I do not know why the Minister has done this. There has been no independent assessment of the effectiveness of the regulator' s mandate to protect consumers. The Irish Financial Services Regulatory Authority, IFSRA, was very good at producing information and websites to compare the prices of different packages. What it did not say clearly enough to people was to warn them that such and such a mortgage was not sustainable if either member of a couple, for example, were to lose their job, fall ill or have a change in family circumstances and their income were to fall by only a small degree. It did not ask them to consider whether a 30 or 40 year mortgage was sustainable at such a price. If people are in their mid 30s, they can expect to work for only another 35 years, even if they work to 70. A mortgage period could extend to 40 years.

There is nothing in this Bill which addresses the issue and the Minister seems to want to hive it off to the National Consumer Agency and the Competition Authority - two quangos that are to be united. Essentially, that will be about giving price comparisons and there will be no tough regulation of the products. There will be no description of products and consideration as to whether the products make sense.

Professor Elizabeth Warren, whom I mentioned to the Minister on a number of occasions, is the Harvard law professor who is head of the oversight commission in the US which reports on these matters. She is correct in stating that regulating for safe products, protecting consumers from themselves and dangerous financial products, is the cornerstone of consumer regulation. Unfortunately, this Bill from Fianna Fáil is completely silent in this regard because it could not give a monkeys about consumer regulation or that it has left young people around the country stuck with unbearable mortgages. No resolution is offered in this Bill to such matters.

Has the Minister learned anything? In true Fianna Fáil fashion he is to personally appoint all the members of the board, bar the statutory members. It will once again be the friends of Fianna Fáil. I do not know what the system of appointment will be and there may be even a public advertisement. The people who will hold important positions on the board will experience no public vetting or examination, as happens in almost every other country in the world.
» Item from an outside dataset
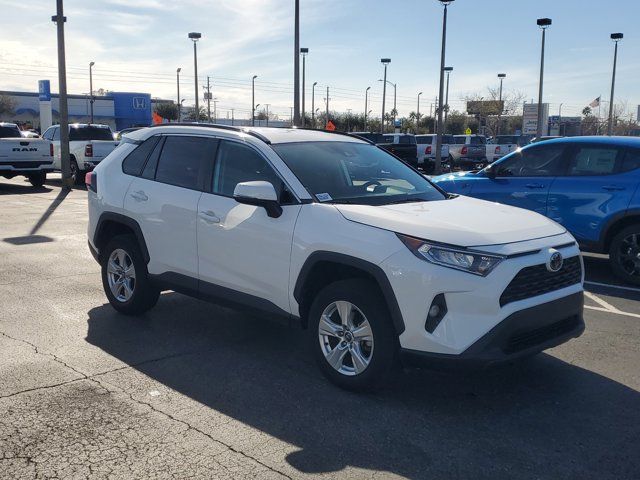 2021 Toyota RAV4 XLE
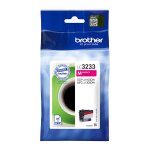 Brother Tintenpatrone LC-3233M Magenta (ca. 1500 Seiten)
Why should there be a public vetting or examination of such people? Our system has crashed at an unbelievable cost to our citizens and yet the Minister wants to cleave to the old system behind closed doors of Fianna Fáil mostly appointing its friends. There will be one or two independent appointments and the Green Party will have an appointee to keep it happy.

If somebody is to be on the board of the bank commission, what will be required of them? They will need to eyeball powerful and wealthy people, indicating that despite such people being multi-billionaires as a consequence of owning a bank, what they are doing may not be in the interest of ordinary consumers. Have people been prepared to do so up to now? They have not. If the appointments are made behind closed doors, how are we to know the calibre of these people? There will be one and a half lines in the newspaper indicating the people chosen, with one being an accountant and another a lawyer. There will be one person from every profession.

These will be the Minister's choices, and they will be mostly men, with one or two women at most. As has happened with their predecessors, they will be required to feel grateful that people like millionaire bankers would give them the time of day, a glass of sherry and a nice lunch in a bank building with a few nice paintings at which to look.